Patients presenting to the emergency department with ongoing chest pain who were treated with sublingual nitroglycerin and aspirin for 10 minutes and whose response and follow-up data were available were included in the study. Chest pain of cardiac etiology was documented when any of the following criteria were noted: (1) dynamic or new electrocardiographic changes, (2) myocardial necrosis confirmed by elevated cardiac-specific enzyme elevations, (3) abnormal stress test, (4) significantly abnormal cardiac catheterization, and (5) diagnosis of cardiac etiology by a staff cardiologist without meeting any of the prior criteria. Patient chest pain before and after nitroglycerin administration was documented using a numeric pain scale of 1 to 10, with zero representing no pain and 10 denoting maximal pain. Response to nitroglycerin was defined as a decrease in pain by at least two numbers on the scale, and complete pain resolution was defined as the absence of chest pain. Pain response occurring more than 10 minutes after nitroglycerin administration was excluded because previous studies have demonstrated nitroglycerin's rapid clinical effect.
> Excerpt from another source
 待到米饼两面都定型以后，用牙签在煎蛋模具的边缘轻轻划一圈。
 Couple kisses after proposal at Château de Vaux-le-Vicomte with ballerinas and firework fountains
Of the 223 patients (mean age: 60 years) included in the study, 67 percent were identified as having noncardiac chest pain and 33 percent had a cardiac etiology for myocardial ischemia. Ninety percent of the patients responded to nitroglycerin with an 88 percent response rate among those who were identified as having a cardiac etiology and a 92 percent response rate among those identified as not having a cardiac etiology. If complete chest pain resolution was used as the end point, response to nitroglycerin was again high and not significantly different between the two groups.
The authors conclude that patients presenting to the emergency department with chest pain often have partial or complete relief of pain shortly after sublingual nitroglycerin administration, regardless of the etiology of chest pain. Pain relief may be the effect of nitroglycerin on smooth muscle relaxation resulting in improvement in pain of esophageal origin, and a significant placebo effect also may be occurring in this setting. A patient's response to nitroglycerin should not be used to support or exclude the diagnosis of myocardial ischemia.